Thanks Harri, you're doing an excellent job!! I love the forum, I learn a lot from it.


----------



## jazzbluescat (Feb 2, 2003)

Thanks Harri. You're much appreciated. [I don't know where you find the time. Thanks again.]


----------



## mascio (Nov 11, 2008)

Harry, it seems it is no longer possible to change pages ( page 1,2,3 ect.) on the main thread board. All i see the first page and there is no way to advance.


----------



## mike_s (Sep 24, 2005)

i am having the same issue.


----------



## LampLight (Jun 22, 2007)

Same here. I look for my posts and only one page of posts is returned, so I can't find my old stuff. Same thing when requesting New Posts.

Sorry Harri. I guess your work is never done. 

Also, most of the emoticons don't display, e.g., the sad face


----------



## Harri Rautiainen (Jan 24, 2003)

mascio said:


> Harry, it seems it is no longer possible to change pages ( page 1,2,3 ect.) on the main thread board. All i see the first page and there is no way to advance.


I am on my way to country side soon. I will check into this later tonight.
Thanks for your note,


----------



## milandro (Dec 22, 2006)

Hello Harri, thanks for the good work, have a nice day out in the country, the edit function, though showing is not working anymore in all forums.
Just sent you also a report on that on the contact us.......


----------



## retread (Feb 2, 2003)

If you "go advanced" with your edit you can save changes from there. But on the first edit page it just spins away, muttering to itself.


----------



## milandro (Dec 22, 2006)

cheers


----------



## Harri Rautiainen (Jan 24, 2003)

milandro said:


> Hello Harri, thanks for the good work, have a nice day out in the country, the edit function, though showing is not working anymore in all forums.
> Just sent you also a report on that on the contact us.......

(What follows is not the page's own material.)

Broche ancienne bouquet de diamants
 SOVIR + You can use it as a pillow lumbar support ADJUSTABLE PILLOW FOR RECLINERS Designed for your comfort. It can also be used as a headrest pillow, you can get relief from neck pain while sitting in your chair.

Milandro, I would like to hear more of this.
Or was retread's explanation satisfactory?


----------



## milandro (Dec 22, 2006)

I haven't tried retread suggestion yet, but this morning I've tried to edit a couple of posts and there was no way to do that, if there is still a way to do that through " edit" and " go advanced" it might be a temporary solution but I personally would prefer things went back to how they previously operated (I am talking of the edit function here), thanks anyway.


----------



## whaler (Jan 11, 2006)

Can't advance pages of the new posts.


----------



## DanPerezSax (Jul 9, 2007)

> Absolutely. There are three or four threads going at once regarding the new install. We get it, there are tweaks that Harri will need to do, and he is working on it. Hang on to your trews everyone, and give him some time.
> 
> I'm closing this superfluous thread.


That's Mike S.'s closing statement from another thread about the new posts. Just to point out to the mods, if most folks are like me, checking the "What's New" search for new posts, and not being willing to dig through every sub-forum to see what other threads are out there, there will probably be a LOT more threads going on at once about the same topic until the problem is resolved since we can't easily SEE the other threads!


----------



## mikelaroche (Apr 23, 2006)

DanPerezSax said:


> That's Mike S.'s closing statement from another thread about the new posts. Just to point out to the mods, if most folks are like me, checking the "What's New" search for new posts, and not being willing to dig through every sub-forum to see what other threads are out there, there will probably be a LOT more threads going on at once about the same topic until the problem is resolved since we can't easily SEE the other threads!


AMEN, no use closing theads because when more that 20 threads are active you can't see where it has been discussed and more threads will get opened


----------